SSL is Assigned for SSL Profile (Client)
game Virtual Server with Custom port 1000 is directing the traffic to game Pool . which has the real game pool members.
Default Pool
Default Persistence Profile cookie
Fallback Persistence Profile source_addr
Lets Create a Policy.
For Example
AppA.azure365pro.com (In my Case App A is game.azure365pro.com)
AppB.azure365pro.com
AppC.azure365pro.com
HTTP Host host is any of game.azure365pro.com request time (DNS hits the main Virtual Server)
Forward Traffic to Virtual Server game.azure365pro.com (Forward Traffic to Real Member)

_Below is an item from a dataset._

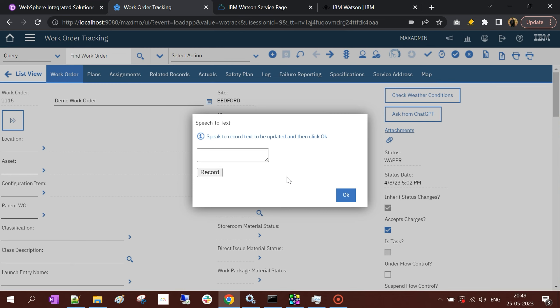As usual, the accent matters a lot. Sometimes it makes mistakes with what you're saying, and sometimes it takes the information correctly. Let's see - I'll click on the Record button. 'This is a test recorder.'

Now Apply the Policy and Assign them to the HTTPS Main Pool listening on 443.
Now you can use the same policy to forward multiple hostnames to different pools with same ssl and same public ip.
It helps to manage F5 more simpler on the perimeter level with minimal public IPs giving a lot of flexibility.
No doubt Its an amazing product. Their APM module is amazing as well . Will Discuss that in future posts.